Exercise objective –
Copy the records below exactly, starting at the line that contains "Caresse matinale sur" and ending at the line that contains "Dal Giappone il"; leave out any pictures.

Data –
· · · · · · ·

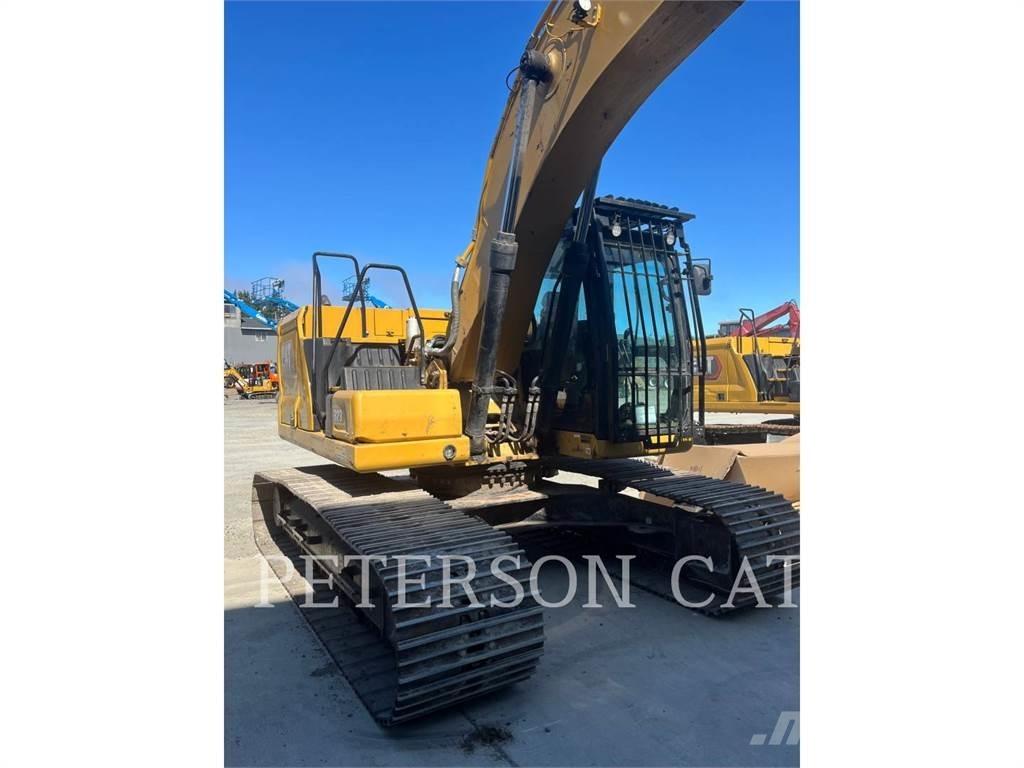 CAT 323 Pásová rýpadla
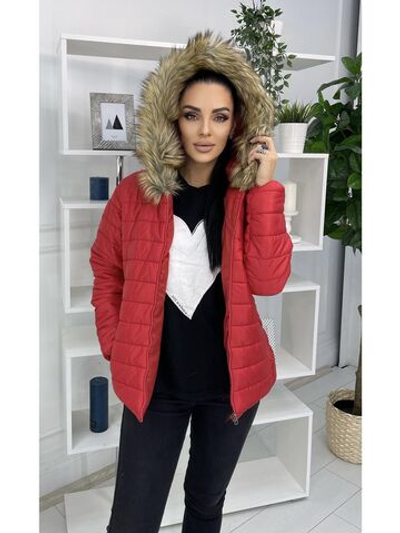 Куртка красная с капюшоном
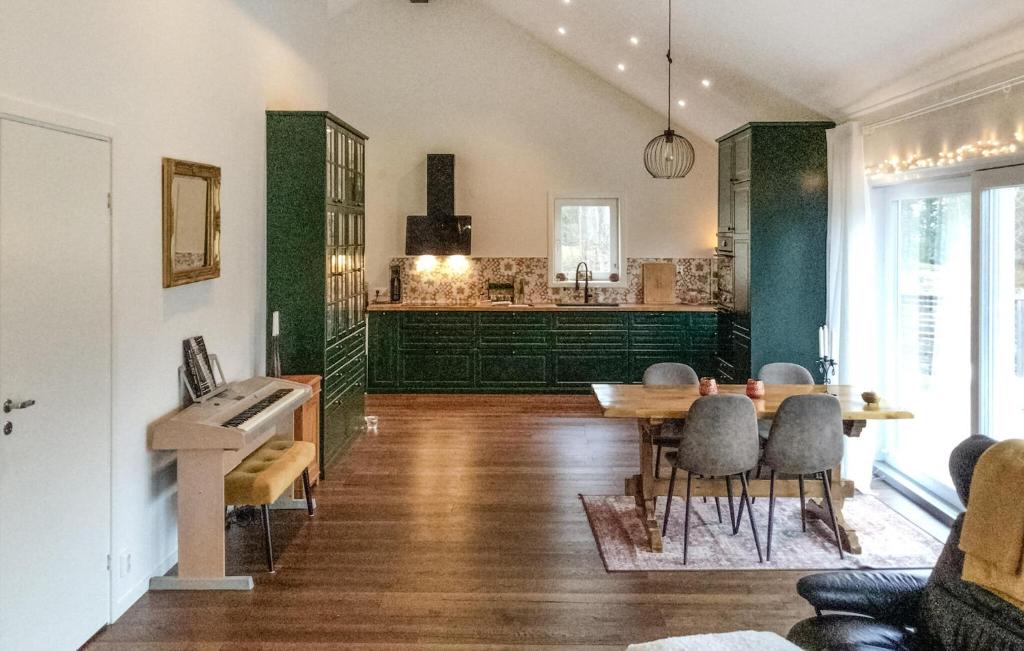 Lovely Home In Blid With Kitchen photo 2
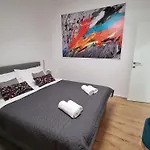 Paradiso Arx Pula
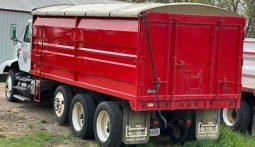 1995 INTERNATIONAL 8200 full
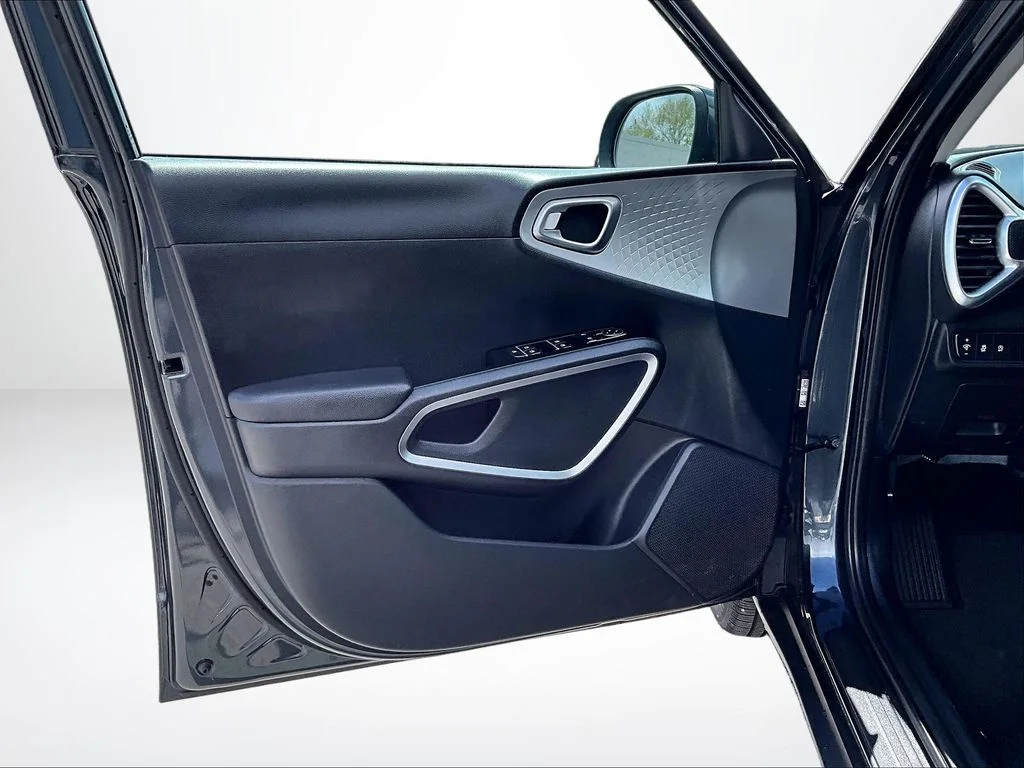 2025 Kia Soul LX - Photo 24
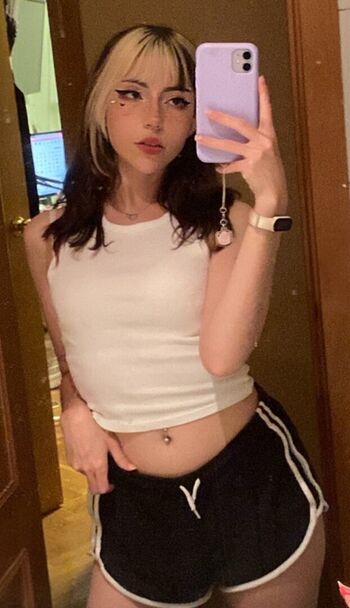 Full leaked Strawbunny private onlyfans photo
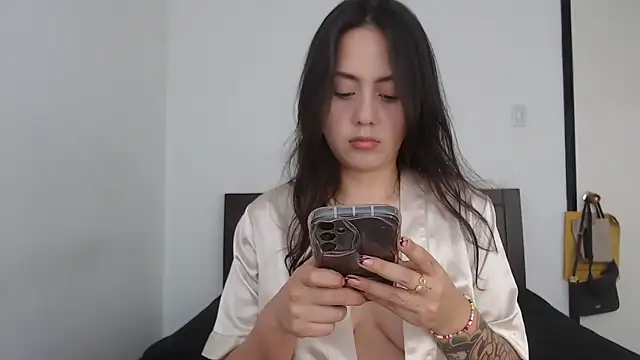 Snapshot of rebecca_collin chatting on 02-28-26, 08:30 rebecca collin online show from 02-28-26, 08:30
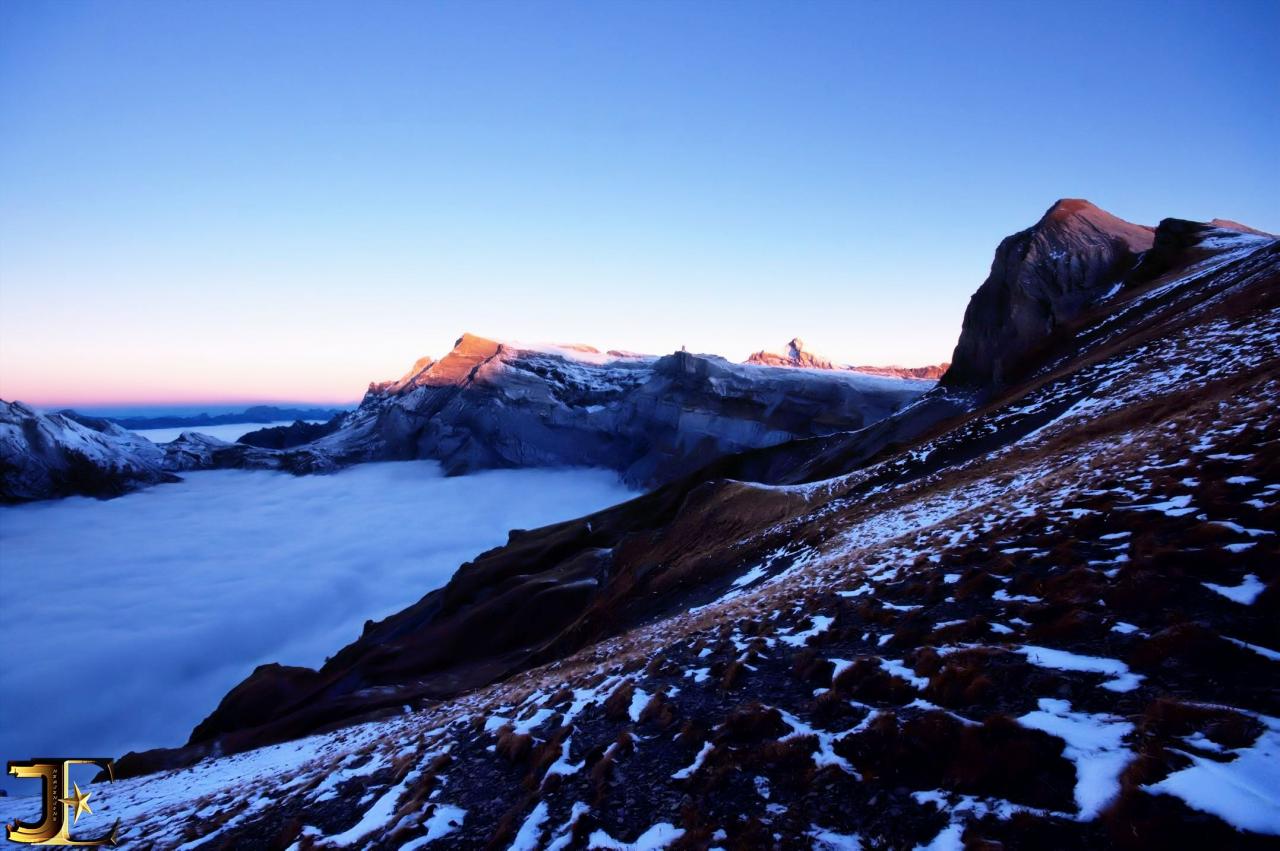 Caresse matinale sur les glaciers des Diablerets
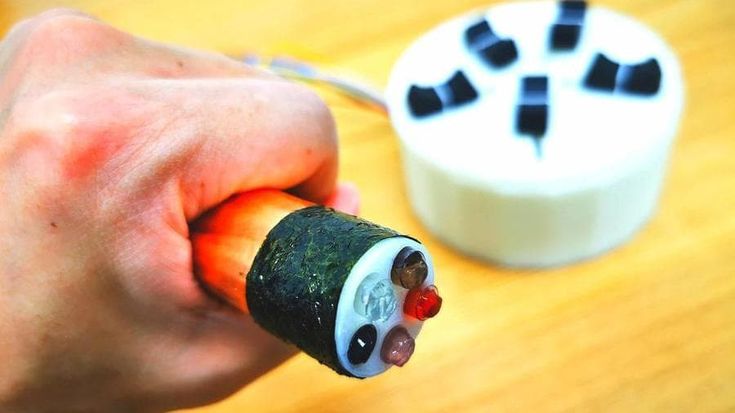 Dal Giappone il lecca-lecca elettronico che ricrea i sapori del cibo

· · · · · · ·

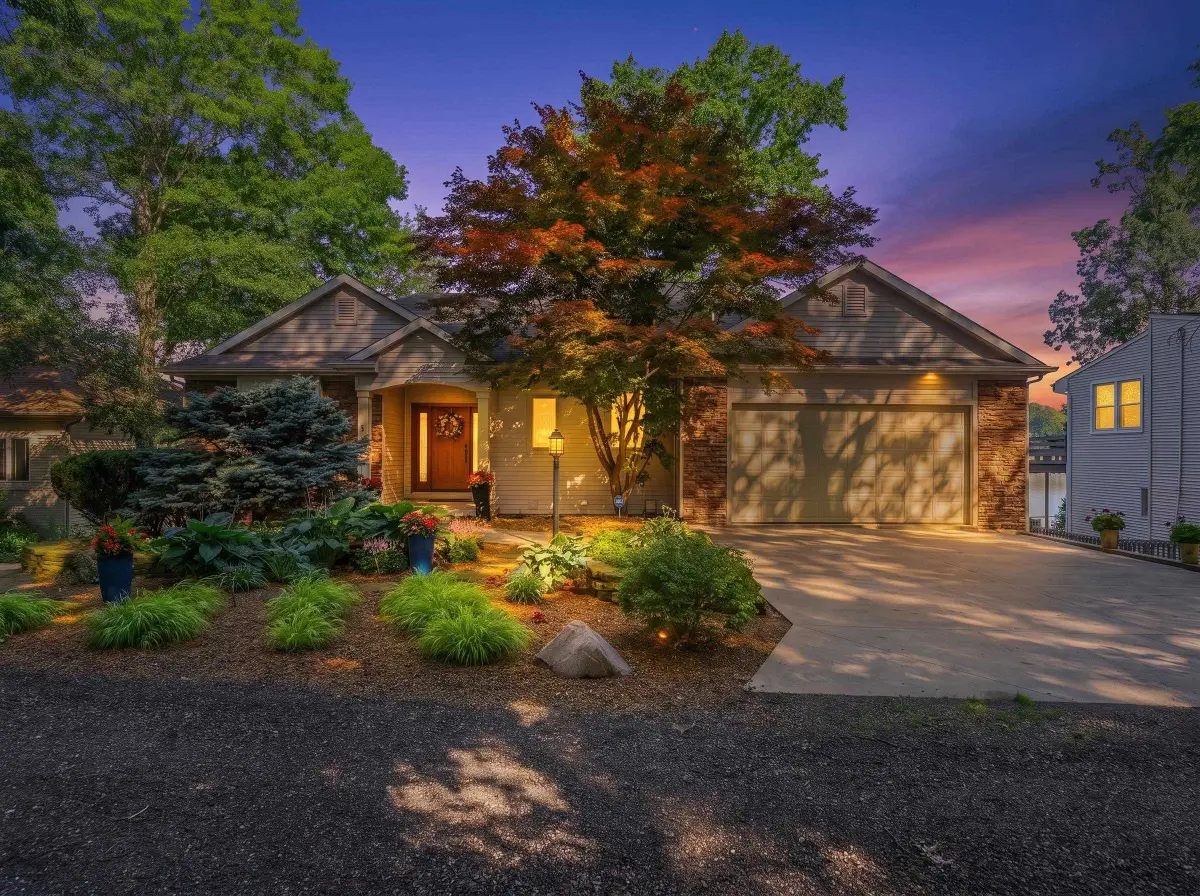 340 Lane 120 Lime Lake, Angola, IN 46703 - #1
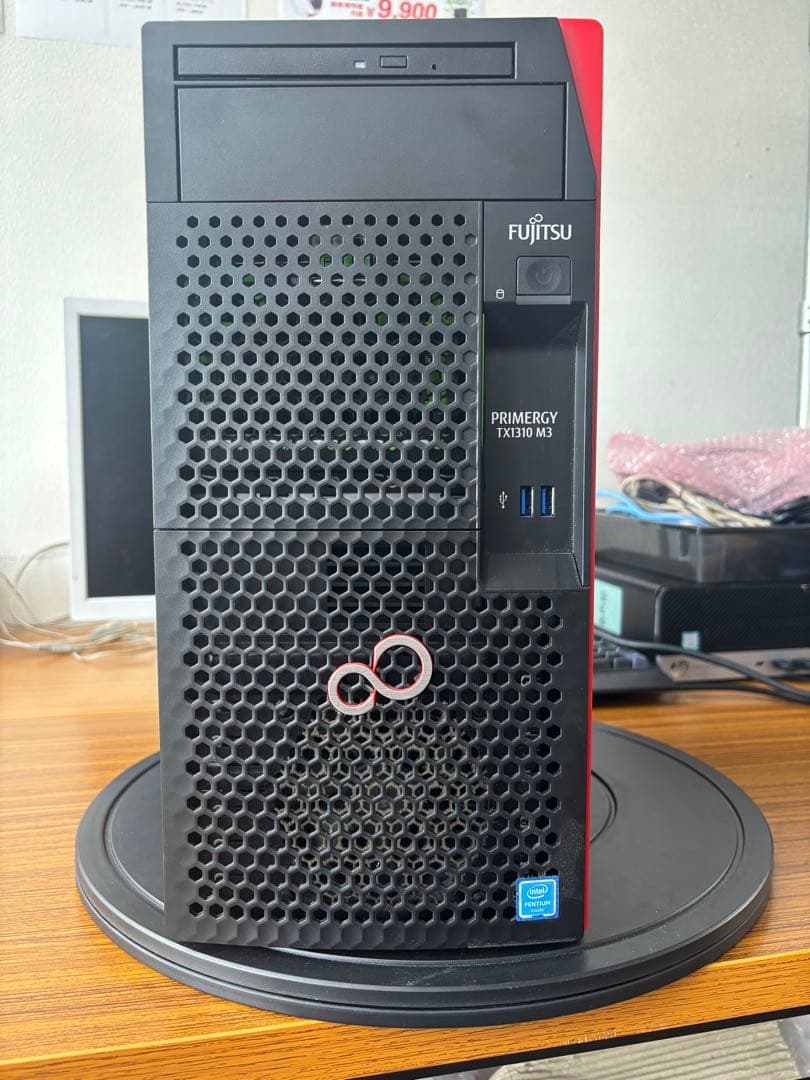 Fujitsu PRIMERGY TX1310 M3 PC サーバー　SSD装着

· · · · · · ·

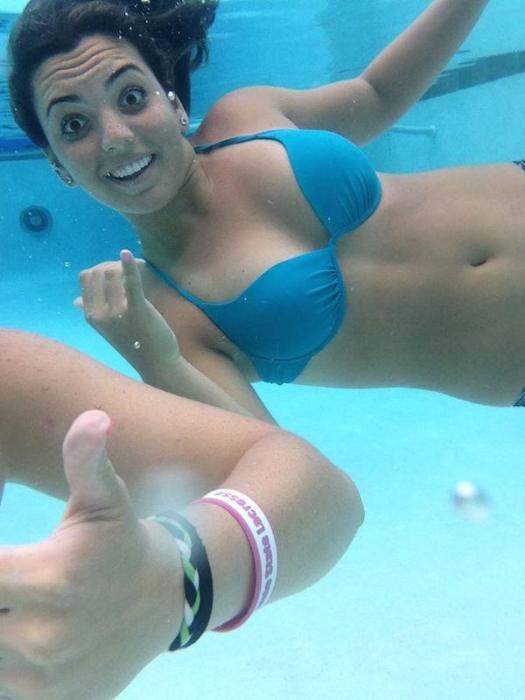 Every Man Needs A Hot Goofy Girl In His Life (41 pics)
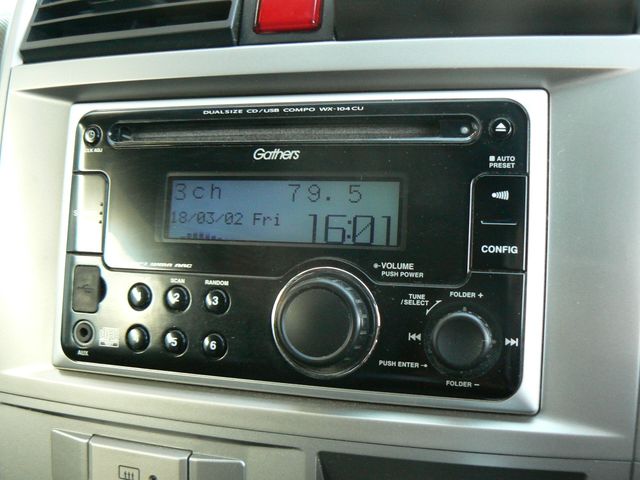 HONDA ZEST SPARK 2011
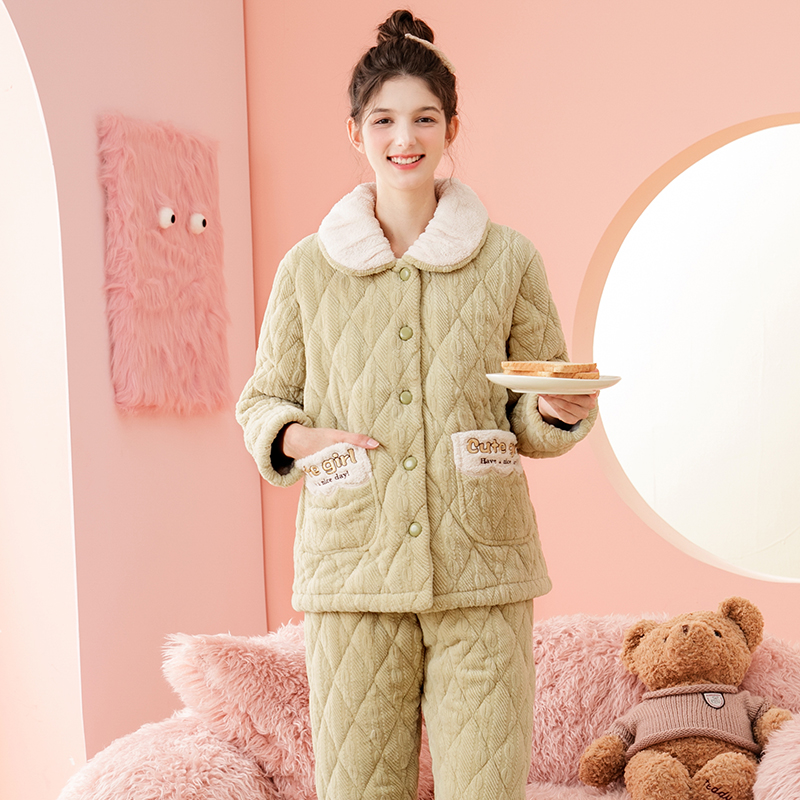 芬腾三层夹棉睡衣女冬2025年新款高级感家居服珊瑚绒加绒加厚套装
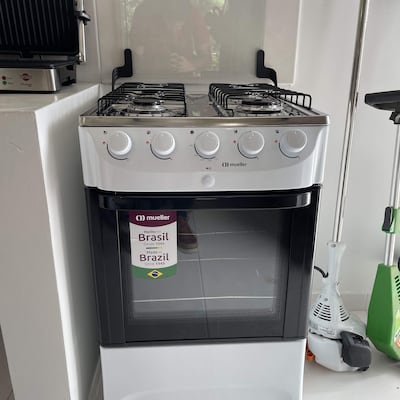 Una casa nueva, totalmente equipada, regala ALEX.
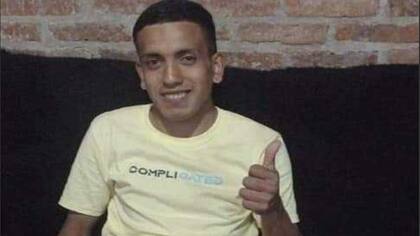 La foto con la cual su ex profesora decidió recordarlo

· · · · · · ·

Solved problem –
 Caresse matinale sur les glaciers des Diablerets
 Dal Giappone il lecca-lecca elettronico che ricrea i sapori del cibo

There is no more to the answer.